# busy day for the dog...



## soccer_man48420 (Nov 14, 2010)

my faulkner cur, lightfoot 7 out of 9 trees for afternoon


----------



## Rugergundog (May 21, 2008)

Very nice! What kind of dog is it?


----------



## No.4shot (Oct 22, 2002)

Don't know much about faulkners but I have a friend with one. What is its breeding?


----------



## dooman (Dec 18, 2009)

OK, I've seen a couple threads with guys using dogs for squirrels, I must be naive, I've never heard of it before. How do the dogs work? How do you train them? Can any breed learn how to do it? I'm intrigued. I just bought a Ruger 10-22 and want to start squirrel hunting more. Don't mean to hijack, but figured you guys would know. By the way nice mess of squirrels


----------



## No.4shot (Oct 22, 2002)

The best way I have found to describe it is its like **** hunting but during the day for squirrels. It is a blast. Heck most squirrel dogs make great **** dogs also. The biggest difference that you will hear is that feists and most curs are silent on track. When they bark they are treed.

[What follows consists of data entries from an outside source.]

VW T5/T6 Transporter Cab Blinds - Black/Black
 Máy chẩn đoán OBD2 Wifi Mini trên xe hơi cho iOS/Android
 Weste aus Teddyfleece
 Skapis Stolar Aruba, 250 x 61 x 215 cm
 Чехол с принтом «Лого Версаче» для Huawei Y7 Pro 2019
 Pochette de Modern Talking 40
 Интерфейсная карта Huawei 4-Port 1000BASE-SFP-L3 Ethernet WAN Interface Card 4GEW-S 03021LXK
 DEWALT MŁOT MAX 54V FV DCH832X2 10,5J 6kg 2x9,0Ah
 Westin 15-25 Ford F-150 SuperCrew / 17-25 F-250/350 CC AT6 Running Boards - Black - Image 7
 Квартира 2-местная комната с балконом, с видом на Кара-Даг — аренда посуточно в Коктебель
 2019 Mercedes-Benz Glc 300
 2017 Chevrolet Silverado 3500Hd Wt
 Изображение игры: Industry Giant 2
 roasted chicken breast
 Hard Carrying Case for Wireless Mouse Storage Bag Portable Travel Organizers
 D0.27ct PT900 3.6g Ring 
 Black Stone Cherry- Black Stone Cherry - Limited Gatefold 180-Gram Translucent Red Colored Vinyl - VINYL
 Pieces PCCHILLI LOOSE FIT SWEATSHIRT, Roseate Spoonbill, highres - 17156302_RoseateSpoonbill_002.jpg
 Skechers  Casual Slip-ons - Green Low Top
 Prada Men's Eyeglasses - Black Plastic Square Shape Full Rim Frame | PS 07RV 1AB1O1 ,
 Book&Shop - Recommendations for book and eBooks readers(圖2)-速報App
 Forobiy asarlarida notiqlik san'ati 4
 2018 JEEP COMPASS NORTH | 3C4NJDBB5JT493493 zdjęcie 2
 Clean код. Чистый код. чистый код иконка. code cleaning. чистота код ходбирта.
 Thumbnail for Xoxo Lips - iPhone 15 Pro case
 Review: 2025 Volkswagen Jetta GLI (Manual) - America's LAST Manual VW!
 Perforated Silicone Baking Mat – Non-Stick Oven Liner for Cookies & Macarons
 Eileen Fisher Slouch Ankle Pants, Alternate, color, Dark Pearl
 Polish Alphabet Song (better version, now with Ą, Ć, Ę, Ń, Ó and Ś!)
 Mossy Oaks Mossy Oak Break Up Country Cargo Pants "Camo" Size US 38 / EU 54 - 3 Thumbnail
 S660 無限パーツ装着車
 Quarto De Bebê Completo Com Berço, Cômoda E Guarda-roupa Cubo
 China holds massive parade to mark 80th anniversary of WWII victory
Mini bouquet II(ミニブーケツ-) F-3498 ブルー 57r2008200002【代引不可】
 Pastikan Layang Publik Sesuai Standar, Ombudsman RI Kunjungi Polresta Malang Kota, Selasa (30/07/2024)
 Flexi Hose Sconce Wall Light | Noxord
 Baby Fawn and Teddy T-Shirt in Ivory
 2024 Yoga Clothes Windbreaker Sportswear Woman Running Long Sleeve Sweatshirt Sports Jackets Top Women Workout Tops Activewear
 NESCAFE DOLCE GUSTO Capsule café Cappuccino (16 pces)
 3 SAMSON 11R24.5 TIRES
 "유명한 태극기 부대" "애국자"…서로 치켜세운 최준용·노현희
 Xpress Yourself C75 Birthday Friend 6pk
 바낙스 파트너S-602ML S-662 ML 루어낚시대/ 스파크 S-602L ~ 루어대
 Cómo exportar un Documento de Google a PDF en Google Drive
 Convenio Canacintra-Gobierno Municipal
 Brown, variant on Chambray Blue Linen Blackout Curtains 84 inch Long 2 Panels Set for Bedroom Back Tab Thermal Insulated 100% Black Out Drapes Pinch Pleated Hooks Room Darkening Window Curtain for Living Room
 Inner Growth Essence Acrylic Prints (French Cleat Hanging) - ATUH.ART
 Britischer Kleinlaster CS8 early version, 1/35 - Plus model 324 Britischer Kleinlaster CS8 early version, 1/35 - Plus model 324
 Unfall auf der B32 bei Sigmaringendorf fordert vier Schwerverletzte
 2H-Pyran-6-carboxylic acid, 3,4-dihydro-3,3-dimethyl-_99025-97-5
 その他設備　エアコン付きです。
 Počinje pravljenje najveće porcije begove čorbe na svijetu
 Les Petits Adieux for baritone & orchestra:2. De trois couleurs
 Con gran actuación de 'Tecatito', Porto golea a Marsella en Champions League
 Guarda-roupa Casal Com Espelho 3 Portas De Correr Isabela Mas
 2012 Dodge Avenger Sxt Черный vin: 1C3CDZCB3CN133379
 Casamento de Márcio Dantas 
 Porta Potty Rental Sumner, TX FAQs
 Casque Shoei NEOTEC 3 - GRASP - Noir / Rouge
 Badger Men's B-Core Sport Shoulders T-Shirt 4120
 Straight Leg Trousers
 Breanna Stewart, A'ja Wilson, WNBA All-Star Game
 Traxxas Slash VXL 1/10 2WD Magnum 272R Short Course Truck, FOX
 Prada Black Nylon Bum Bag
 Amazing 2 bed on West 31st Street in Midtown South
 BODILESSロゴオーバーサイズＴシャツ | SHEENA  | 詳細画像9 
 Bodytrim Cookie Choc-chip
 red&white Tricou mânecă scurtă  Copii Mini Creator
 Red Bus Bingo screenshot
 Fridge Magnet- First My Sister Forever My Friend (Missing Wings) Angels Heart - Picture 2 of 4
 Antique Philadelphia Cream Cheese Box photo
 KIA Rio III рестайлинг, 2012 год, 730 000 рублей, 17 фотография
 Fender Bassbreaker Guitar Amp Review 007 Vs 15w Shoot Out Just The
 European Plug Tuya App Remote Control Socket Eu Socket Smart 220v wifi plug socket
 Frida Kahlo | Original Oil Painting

Here is a chance for you to try it:
http://www.michigan-sportsman.com/forum/showthread.php?t=362244

Its a great group of guys and gals that have fun. Very family oriented. Kids do most of the shootin. Potluck afterwards. I am a member and some of my best hunts are at the buddy hunts or with friends that I have made from the club.

There website is:

http://michigansquirreldogassociation.mysite.com/


----------



## sixft4par (Apr 1, 2008)

Thats very cool. I have never hunted bushy tails with dogs, but it looks like a blast. Is it kind of like **** hunting, but druing the day?


----------



## soccer_man48420 (Nov 14, 2010)

the faulkner cur usually is black and white in any combination. this one is from haleys comet and gleasons ruby from gleason's kennel in stanton, michigan. 

as for hunting with dogs, its alot of fun. not every dog will track and tree them but many will. Most hounds will do it, before i got this cur my beagle would track and tree squirrels which is uncommon for a beagle to tree. if you are interested in a squirrel dog look for a dog that is used for a tree dog or they will not have the natural ability to find and locate a squirrel in a tree. especially for those squirrels that jump trees. the best way to train them is to get them out at a young age, 6-12 months and let them run the woods spot and shoot squirrels out to them, but make sure the dog is tied at the tree and sees the squirrel fall out. If the dog will hunt it naturally should pick up on the scent of the squirrel on the ground. the more squirrels shot out the better it will get. ive had this dog since it was 2, my cousin got him from my grandpa when it was a pup and didnt do anything with him, i took it and in 2 and a half years i have now turned him into the dog i want him to be, over 150 squirrels including this season is a great way to train a dog. Like No. 4 shot said, curs are silent. and what makes this one special is he wont bark unless he sees the squirrel or is out of sight from the hunters. He is a hard stand on tree dog and most of the time there is a squirrel in the tree. so usually i dont scare the squirrels with a barking dog i just go through the woods and the only noise is the shot of my 10-22. If you havent hunted with a dog, you should try it its a great way to spend a day.


No.4shot said:


> Don't know much about faulkners but I have a friend with one. What is its breeding?


----------